27 3.2.4.7 Finalise data files Finalising data files to brings together results from other processes in this phase in a data file (usually macro-data), which is used as the input to the "analyse" phase. Sometimes this may be an intermediate rather than a final file, particularly for business processes where there are strong time pressures, and a requirement to produce both preliminary and final estimates. 3.2.5 Data analysis In this phase, statistics are produced, examined in detail and made ready for dissemination. This phase includes the processes and activities that enable statistical analysts to understand the statistics produced. The data analysis phase is broken down into the following processes: 3.2.5.1 Prepare draft outputs Preparation of draft outputs where the data collected are transformed into statistical outputs. It includes the production of additional measurements such as indices, trends or seasonally adjusted series, as well as the recording of quality characteristics. 3.2.5.2 Validate outputs Validating outputs to check the quality of the outputs produced, in accordance with a general quality framework and with expectations. Validation activities can include: i. Checking that the population coverage and response rates are as required; ii. Comparing the statistics with previous cycles (if applicable); iii. Confronting the statistics against other relevant data (both internal and external);
iv. Investigating inconsistencies in the statistics; v. Performing macro editing;
vi. Validating the statistics against expectations and domain intelligence

28 3.2.5.3 Interpret and explain outputs Scrutinizing and explaining where the in-depth understanding of the outputs is gained. Use that understanding to scrutinize and explain the statistics produced for this cycle by assessing how well the statistics reflect the initial expectations, viewing the statistics from all perspectives using different tools and media, and carrying out in-depth statistical analyses. 3.2.5.4 Apply disclosure control Applying disclosure control in order to ensures that the data (and metadata) to be disseminated do not breach the appropriate rules on confidentiality. This may include checks for primary and secondary disclosure, as well as the application of data suppression or perturbation techniques. 3.2.5.5 Finalise outputs Finalizing outputs in order to ensure that the statistics and associated information are fit for purpose and reach the required quality level, and are thus ready for use. It includes:
i. Completing consistency checks; ii. Determining the level of release, and applying caveats;
iii. Collating supporting information, including interpretation, briefings, measures of uncertainty and any other necessary metadata;
iv. Producing the supporting internal documents;
v. Pre-release discussion with appropriate internal subject matter experts; and vi. Approving the statistical content for release. 3.2.6 Dissemination of results Dissemination of statistical products is the last step after the collection and analysis activities in order to ensure that the produced statistics are used for planning and decision making processes at different administrative levels from national, regional, district and down to lower administrative levels such as wards/shehia and villages.
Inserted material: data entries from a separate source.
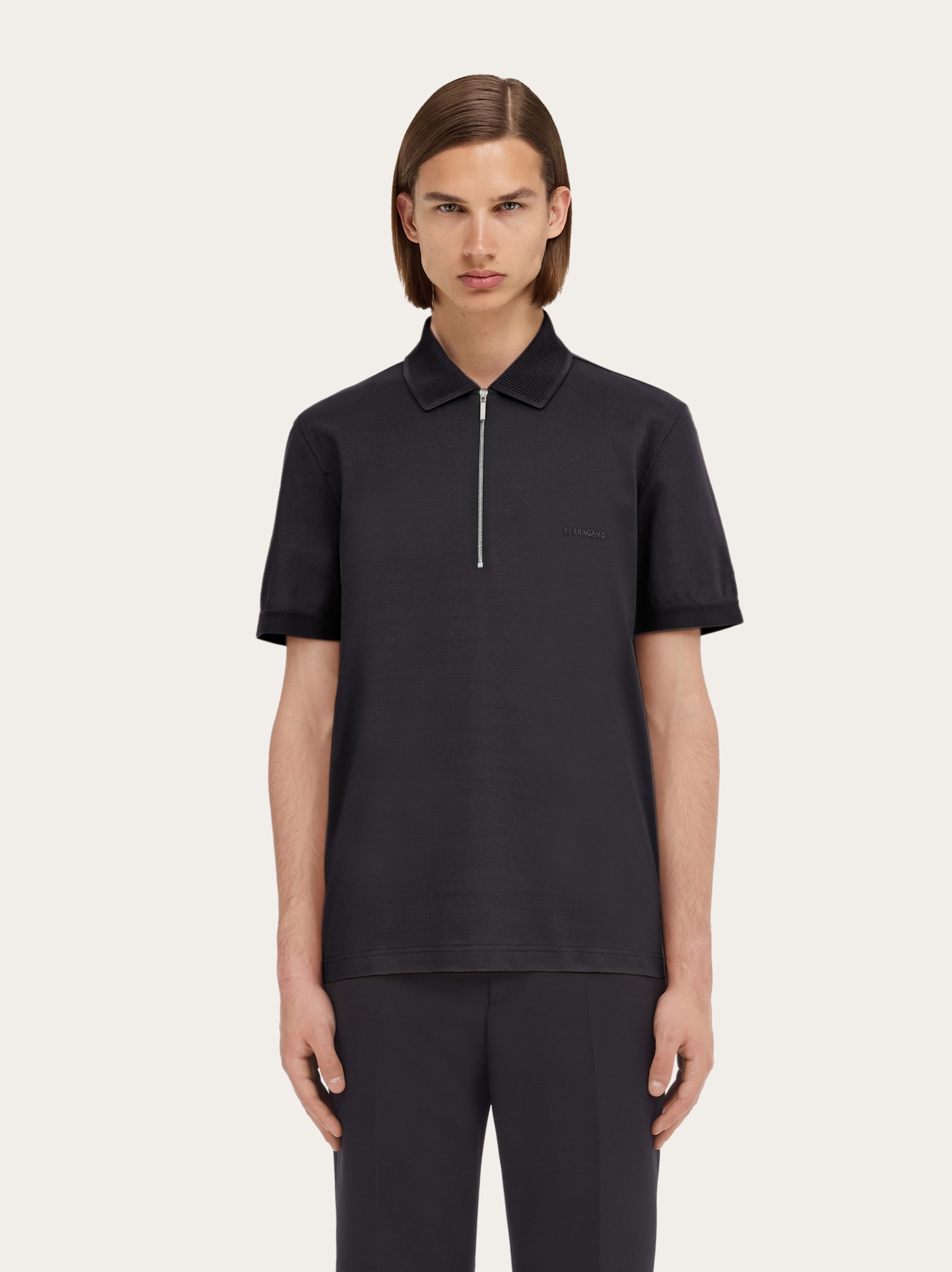  Ferragamo Herren Polohemd Mit Reißverschluss Schwarz 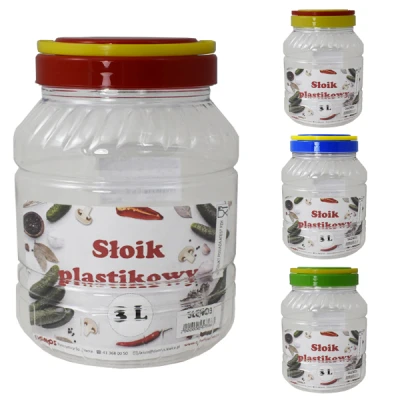 DOMOS-SŁOIK PLASTIKOWY Z WIECZKIEM 3L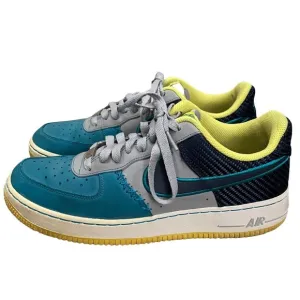 Nike Air Force 1 Sneakers Size 8.5 Wolf Grey Mid Navy Tropical Teal 488298 039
29 Statistical products should be disseminated to stakeholders in various forms of publications such as hard copies, soft copies and by posting on the websites and dashboards. In order for the product to be user-friendly, charts, tables and relevant attachments should normally be included.
During dissemination of statistical products, producers should ensure that the products meet users’ needs as follows: 3.2.6.1 Update output systems Make dissemination and data preservation plan early in the statistical production that includes archiving, publishing and distribution. This is to verify and ensure that the released statistical products after all the processing steps are consistent with the source data. In the case of the derived variables, it means that one should be able to reproduce the same results from the source data; 3.2.6.2 Produce dissemination products Produce dissemination products through: preparing the product components (explanatory text, tables, charts, quality statements etc.); assembling the components into products; and editing the products and checking that they meet publication standards. This could include printed publications, press releases, seminars, awareness program and web sites; 3.2.6.3 Manage release of dissemination products Manage release of dissemination products for ensuring that all elements for the release are in place including: Timeliness and punctuality; Accuracy and reliability; Transparency; Accessibility and clarity; Coherence and comparability; and Statistical Confidentiality and security; 3.2.6.4 Promote dissemination products Promote dissemination products for communicating statistical information to users. This concerns the active promotion of the statistical products produced in a specific statistical business process, to help them reach the widest possible audience.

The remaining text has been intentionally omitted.